The resulting coupe looks unremarkable apart from its huge headlight lenses covering sculpturally stepped reflectors. The interior, though well made from high-quality materials (fake wood embellishment excepted) is equally uninspired; it could have come from any car maker. So far, then, there is little to light the fires of desire.
Yet under the Prelude's tidy but self-effacing skin lies some interesting mechanical hardware. In the 2.2-litre engine of the top models, there's a VTEC variable camshaft system which helps unleash a healthy 185bhp, and lets the engine roam free right up to 7,800rpm. The suspension is precise in its movements, sophisticated in its design, and incorporates rear-wheel steering which, among other things, helps you to manoeuvre in a tight spot, once you have learnt the wheels' unfamiliar trajectories.
This much the previous Prelude also had, but what is new this time around is the option of a four-speed automatic transmission with a "sequential sports shift", a device similar to the Porsche Tiptronic system which allows you to select gears manually by prodding the lever forwards to change up, or tapping it backwards to change down.
If the bulk of your driving is of the town and motorway variety, save up the extra pounds 1,200 and order your Prelude with the sequential shifter. That's because the manual transmission is tiresomely snatchy in traffic, the victim of wobbly engine mountings and a fierce clutch. But if you enjoy a good zoom along clear back roads, you must have the manual.
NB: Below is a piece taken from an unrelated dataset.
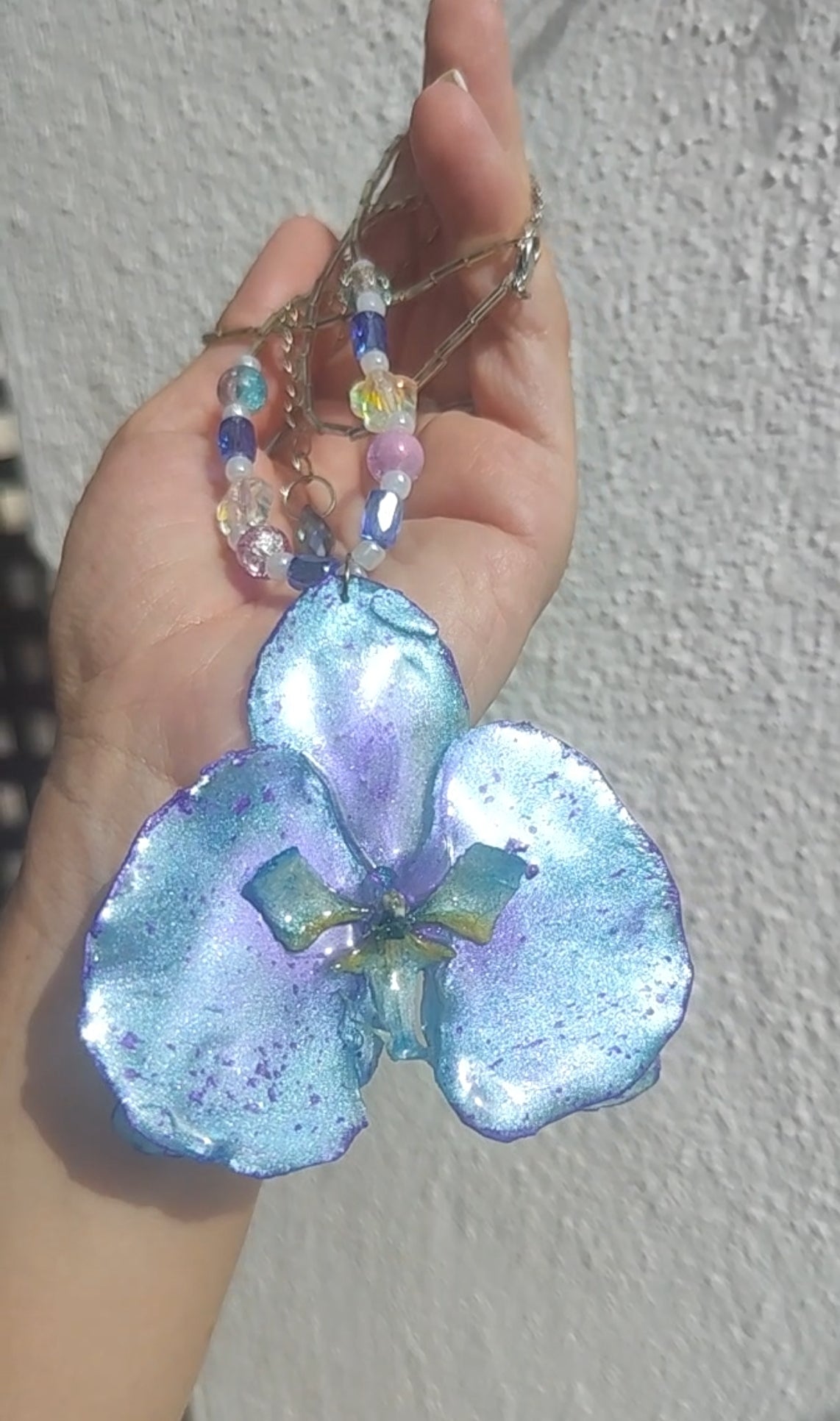 Collar de orquídea real resinada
That's because it lets you exploit the engine's energy, which is concentrated towards the higher end of the speed range and calls for frequent gear changes. In the automatic, the gaps between the gears feel too wide to keep the engine interested, even when you're sequentially selecting them yourself. So you end up frustrated, because there's this fabulous-sounding, crackling-crisp motor, and you're denied access to its attributes. The gear shifts are jerky, too.
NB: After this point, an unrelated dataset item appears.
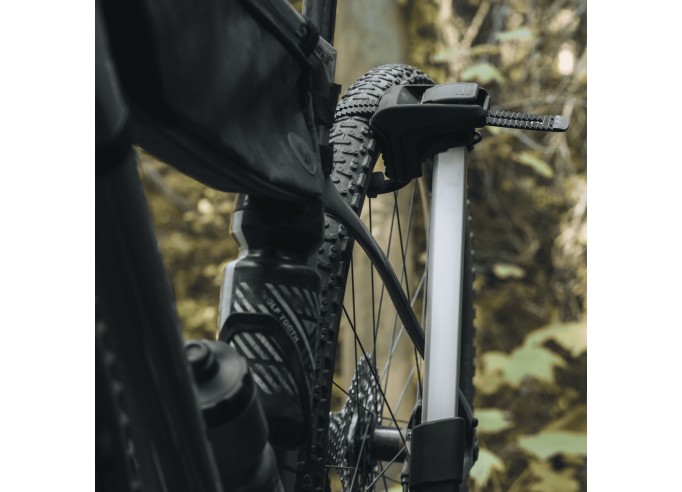 Platform towbar bike rack foldable Thule Epos 3-bike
Either way, few cars corner as well as the Prelude with so little skill asked of its driver. That's where the rear-wheel steering's other trick comes into play. It turns the rear wheels, very slightly, in the same direction as the front ones, making the Prelude so agile through tight twists that it feels almost weightless. That has long been a Prelude party trick, so nothing has changed there. This can be an exciting car, given the right moment. Trouble is, to look at it you would never know.
Price: pounds 22,295 on the road. Engine: 2,157cc, four cylinders, 16 valves, 185bhp at 7,000rpm; five-speed manual or four-speed automatic/sequential gearbox, front-wheel drive. Top speed: 142mph, 0-60 in 7.3sec. Fuel consumption: 25-30mpg.
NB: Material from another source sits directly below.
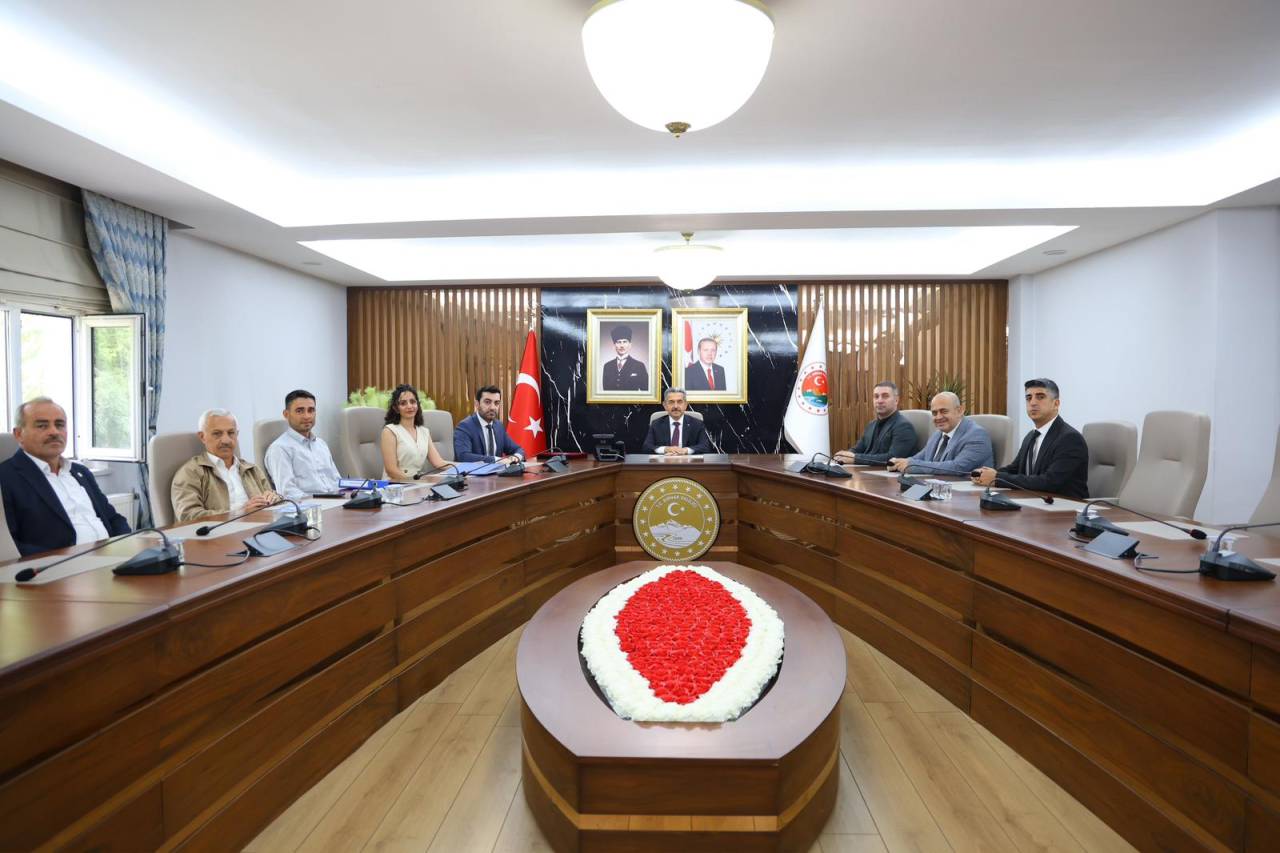 tkdkdan-sirnaka-iki-yeni-besi-ciftligi-yatirimi-244-milyon-tl-hibe-destegi-2.jpeg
Alfa Romeo GTV, pounds 20,350 Looks to fulfil every Alfa fantasy, with sharp handling and crisp performance to match. Prone to rattles.
BMW 323i Coupe, pounds 23,140 More space than the Honda, and a creamy six-cylinder engine. Expensive but still covetable.
Fiat Coupe 20V Turbo, pounds 21,244 Boldest styling of all, now with a fabulous five-cylinder engine to fulfil the promise. Best of the lot.
Nissan 200 SX, pounds 21,000 on the road. Lots of pace from turbo engine, but tricky to handle in the wet. Recently revamped.
Toyota Celica GT, pounds 23,582 on the road. Quick, capable and more interesting to look at than mainstream Toyotas. Shows its age.